医師確保では、国でも奈良県のことについて責任を感じているというふうに、日本共産党の国会議員の質問にたいして、答えておりますから医大の増員5名とおっしゃっても、実際に一人前になるまでに8年かかる。今の時期をどうするかということが大事でありますので、国にも要請をしながら、積極的な対応をすすめていくことが必要ではなかろうかと思います。

荒井正吾知事答弁 
 今度の調査でよくわかりましたが、後方病床にいくべき新生児の方が、いろいろな障害とかの事情で、NICUに滞留というか留まっておられる事情があります。占有されているということです。これは他の地域でもたくさん、あるようでございます。先日、厚生労働大臣と会いましたが、各知事が同じようなことをおっしゃっていました。

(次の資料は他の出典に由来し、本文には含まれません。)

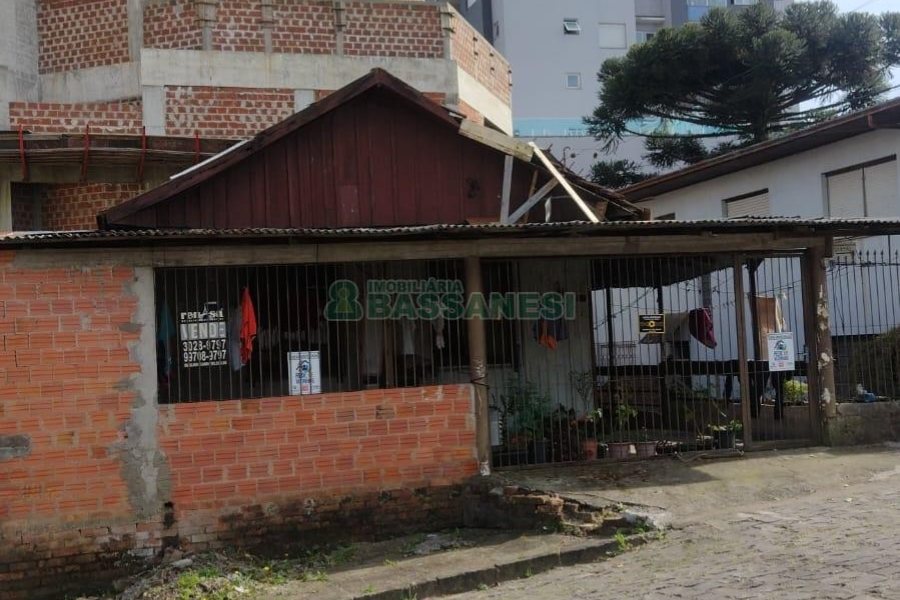 Casa com 290m², 2 dormitórios, no bairro Sagrada Família em Caxias do Sul para Comprar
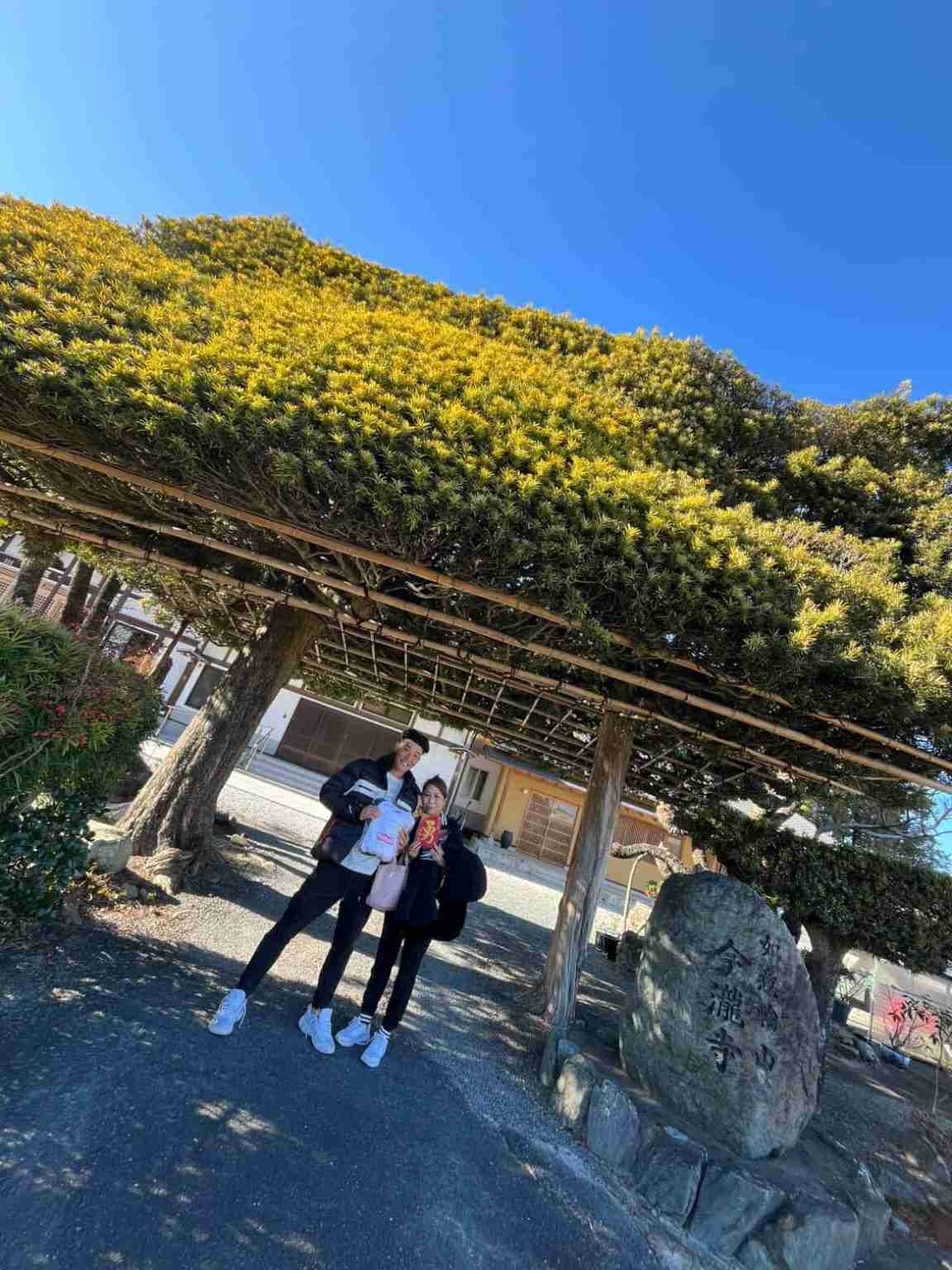 「妻は54歳、夫は33歳」“同級生のお母さん”とまさかの年の差婚。「普通の結婚をしてほしい」大反対の両親を納得させた意外な方法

 埼玉県の知事は最大500日以上、NICUに留まっておられる新生児がおられると、後方病床で、障害をもたれたかたをさらに福祉の療養病床を準備するという一連のシステムが必要だということがよくわかってまいりました。NICUだけではなしに、NICUが後方病床がわりに使われるということが、より大きな問題だということがわかってまいりました。
 県立奈良などに後方病床の整備についての予算をお願いしたり、後方病床の整備については早急な整備をすすめていきたいと考えております。
 ドクターカーにつきましては、調査報告書に書いてないということですが、この前の報告書は広域搬送の課題をとらえてヘリコプターということをとりあげた経緯がございます。その事案についての調査報告書でございますので、全体の報告書ではございません。ドクターカーにつきましては、車の整備よりも医者がおられないと、とにかく夜中、どこにも診察していただく医者がいないという日が奈良では何日かあるという実情でございますので、ドクターカーにまわるまでもなく、診察してくれる医院がないということはより深刻な現状であろうかと思います。
 秋田県の妊婦健診が10回とたいへん、立派なことだと思います。少子化対策の一環ということでございます。奈良の少子化対策も、この前、上川大臣とお会いしたとき奈良の少子化対策ぜひやってくださいということで、出生率が低いということで。10回にすれば子どもが増えるということではないかもしれませんが、いろいろな努力を重ねないといけないと。ならの出産適齢期の方が就職がないという事情があるのか、外へ言っておられるという事情もございます。お子さんが作られたらならは育てやすいので、奈良にもどってこられるという事情も多少わかっております。奈良の事情に適した少子化対策をしていきたいと思いますし、同時に未受診妊婦の解消というのも大きな課題だと思っております。
 医師増員についての国との責任分担は重要なことですが、やはり医者が流動化して、厳しい職域であります産婦人科をさけて、他へいかれる、あるいは開業にまわられるというのは全国的な傾向で、奈良の医者は頑張っていただいて、少ない72人というなかでよく頑張っていただいているという印象をうけております。そのような限られた医療資源をどれだけ、いいシステムにするかということは県の大きな責任があろうかと思っております。